2. Security Implications
Russia’s hybrid warfare against Ukraine has been a long-running operation. It was in the making long before the 2014 Crimean Crisis and the Donbas War, and it has continued to wage hybrid warfare since then. The following is a list of important points that can be compared to the situation of cross-Strait relations.
2-1. Grey zone tactics
Russia’s hybrid warfare against Ukraine is most widely known for its operation of unidentified covert armed personnel in green uniforms, dubbed “little green men”, to carry out “strategic deception” to annex Crimea through deceptive drills, delivery of “humanitarian supplies”, and other cover-up operations. Russia has also used this grey zone tactic in eastern Ukraine while consistently denying outside accusations; Russia even used civilian security companies to cover up its military intervention.
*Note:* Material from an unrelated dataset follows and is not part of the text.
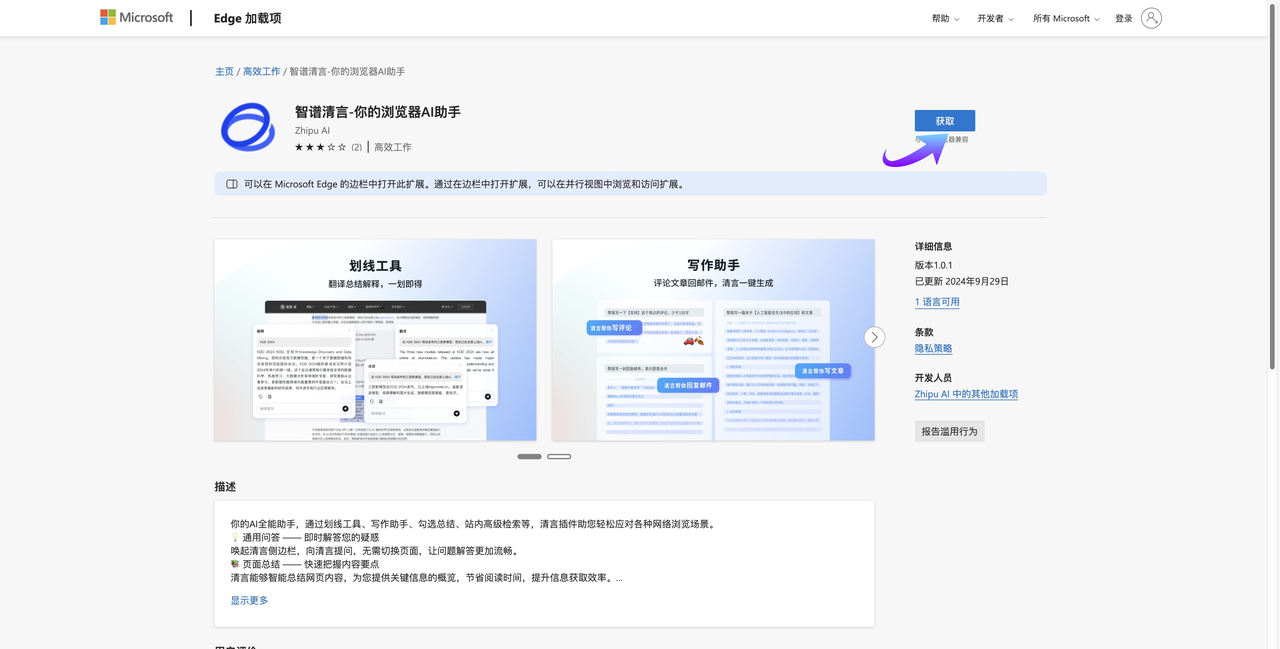 common.docs_name - LarkCCM_Docs_Menu_Image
On February 21, 2022, Russia sent troops into the pro-Russian region of eastern Ukraine under the guise of “peace-keeping” to camouflage its military operations.
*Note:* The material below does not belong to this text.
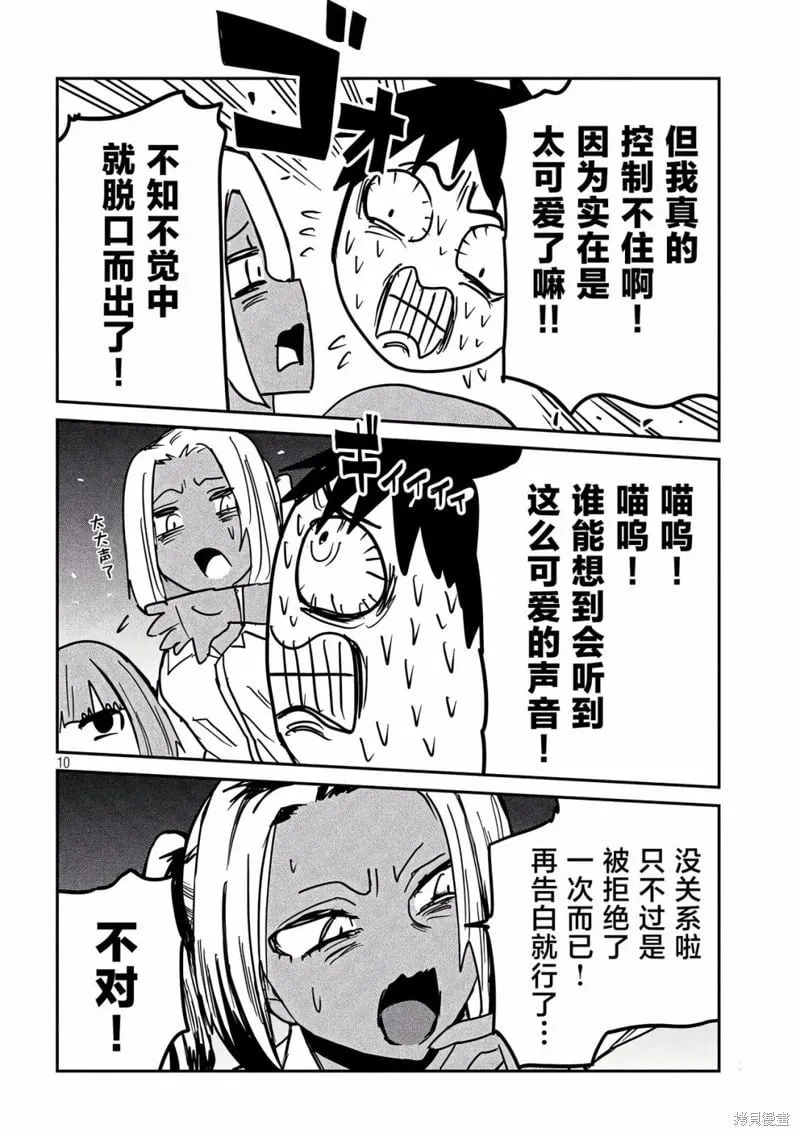 第33话 第10页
At this stage, China’s military aircraft incursions into Taiwan airspace are most similar to such actions by Russia. The moves not only can exert pressure on Taiwan but also spy on Taiwan’s air defense capability; these make up China’s “battlefield management” in that while conducting “strategic deception” it can, if required, be immediately transformed into a military invasion. On February 5, 2022, there was another incident in which a Y-12 civilian transport plane approached Taiwan’s ADIZ in Dongyin Island, indicating that China’s means of grey zone tactics are not limited to military aircraft.
2-2. Information warfare
Today, many people consider hybrid warfare a description of the unconventional and conventional warfare waged by Russia against Ukraine; in fact, the term was first used in the US and was seen by Russia as a way to promote a “color revolution” in the former Soviet Union countries to contain Russia. However, the widespread outbreak of color revolutions has exposed that, although Russia is relatively powerful in terms of politics, economics, and military in the former Soviet Union territory, its political system is far less attractive or appealing to others. Portrayed as an aggressor by the West during the Caucasus War with Georgia in 2008, Russia reorganized its state propaganda machine and established Russian state-owned news agency Sputnik International during the Ukraine crisis in 2014 to launch a strong anti-Kyiv, anti-Western information warfare. Sputnik International not only spreads disinformation to vilify the Ukrainian authorities, accuses the West of manipulating the relationship between Russia and Ukraine, but also stresses that Russia is being persecuted by NATO’s eastward expansion to win the approval and support of the Ukrainian people and the rest of the world — this tone has continued to this day. Moreover, Russia is good at creating and disseminating indistinguishable information to confuse the world. For example, during the Crimean crisis in 2014, Russia said that it was invited by exiled former Ukrainian President Viktor Yanukovych to send troops to protect Ukraine; in May 2021, Russian troops participating in an exercise near the border with Ukraine left their heavy equipment behind and returned to their base to create the illusion of being unaggressive; and Putin openly stated that he did not want war when some of the troops participating in the exercise returned to their barracks. However, it’s just another deception and the same aggression happens again.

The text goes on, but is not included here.